Paris — Pour la première fois, une douzaine d'anciens combattants québécois ayant pris part au débarquement en Normandie raviveront demain la flamme du Soldat inconnu, sous l'Arc de triomphe, à Paris, pour saluer la mémoire de leurs compagnons morts sur le sol français.

Cette cérémonie sera l'un des moments forts d'un «voyage commémoratif» offert à ces vétérans par une association de Trois-Rivières, «Compagnons d'une terre à l'autre», créée il y a deux ans. Pendant les deux prochaines semaines, ces anciens combattants referont le chemin parcouru par les troupes canadiennes après le débarquement en Normandie, s'arrêtant notamment à Courseulle-sur-Mer, à Bernière et à Caen, avant de passer en Belgique et dans les Pays-Bas.

Gratitude

La majorité de ces vétérans sont des Trifluviens débarqués sur Juno Beach avec le régiment de la Chaudière dans les premières heures de l'opération Overlord, il y a 60 ans.

«Nous voulions leur exprimer notre gratitude en les emmenant sur le sol européen une dernière fois, explique le président exécutif des Compagnons, Guy Bordeleau.

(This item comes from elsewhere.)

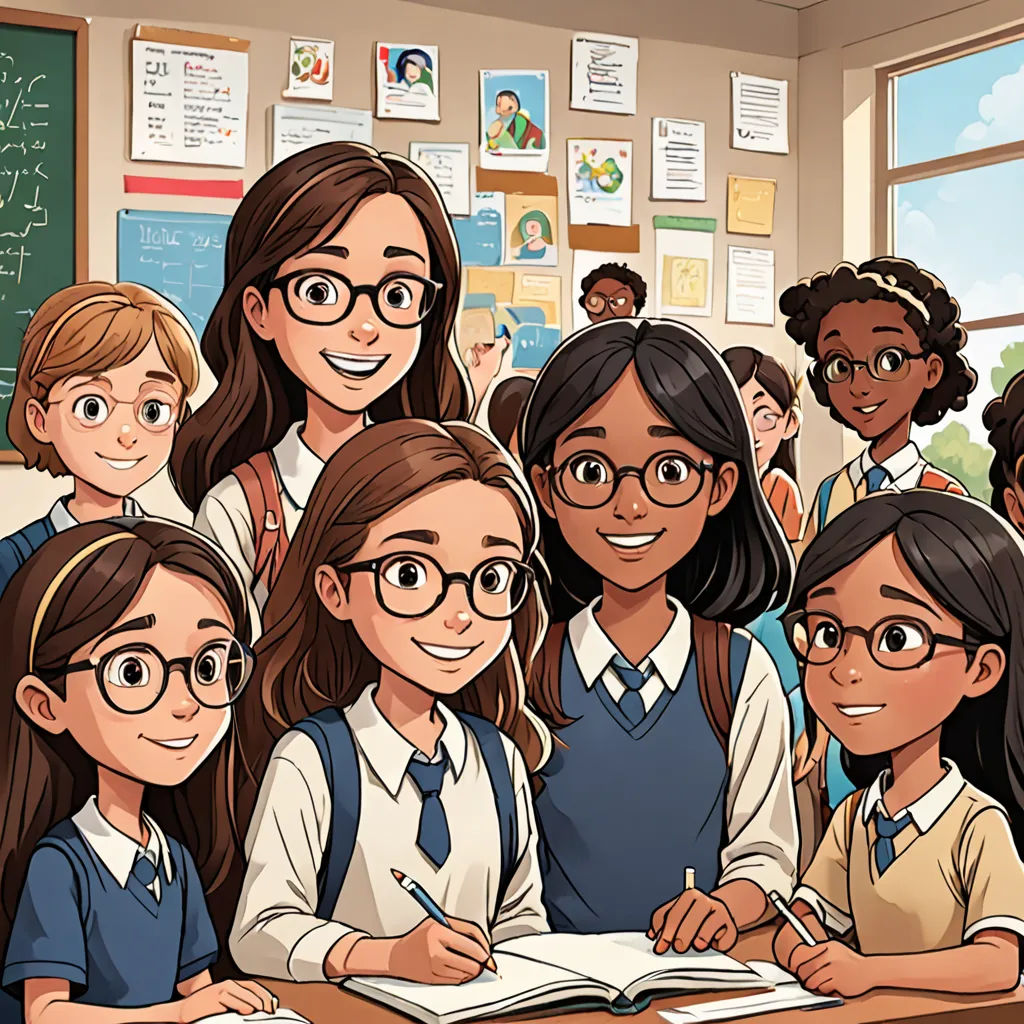 a group of children sitting at a desk in a classroom with a teacher in front of them and a teacher in the back, Colin Middleton, serial art, a comic book panel, official art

Notre objectif est aussi de transmettre aux jeunes le souvenir de ce sacrifice.»

Dans cet esprit, une dizaine de scouts de 17 à 19 ans ont été invités à se joindre à la délégation, qui comptera en tout une soixantaine de personnes, dont le président d'honneur des «compagnons», le lieutenant-colonel à la retraite Pierre Bruneau, ancien commandant du 12e Régiment blindé au sein des Forces armées canadiennes.

Tué pendant la Première Guerre mondiale, le soldat inconnu repose sous l'Arc de triomphe, place de l'Étoile, depuis 1920. La «flamme du souvenir» brûle sans jamais s'éteindre sur sa tombe depuis 1923. Il semble que la cérémonie de «ravivage» de demain (la flamme est ranimée chaque jour à 18h30) sera la première dédiée aux soldats québécois tués en France.

Changement de mentalité

Il faut voir dans ce symbole le reflet d'un évident «changement de mentalité» des Québécois face à leur histoire, souligne Guy Bordeleau. En cela, la cérémonie s'inscrit d'une certaine manière dans le «devoir de mémoire» appelé de ses voeux par le premier ministre Jean Charest. Au printemps dernier, lors de sa visite officielle en France, M. Charest s'était lui-même rendu sur la plage Juno, à l'assaut de laquelle s'étaient lancés les soldats des régiments de la Chaudières, des Fusiliers de Sherbrooke et de Mont-Royal à l'aube du 6 juin 1944.

«Les Québécois doivent tirer toute la fierté qui leur revient d'avoir fait cette contribution à la libération de la France et à la fin de la Deuxième Guerre», avait-il déclaré.

Quelques semaines plus tard, le délégué général du Québec à Paris, invité par les autorités françaises, assistait de son côté aux cérémonies marquant la commémoration du Débarquement. Il avait à cette occasion insisté sur «la nécessité pour les Québécois de se réapproprier cette part de leur histoire».

On estime qu'environ 15 % des 600 000 volontaires canadiens qui ont combattu en Europe étaient francophones.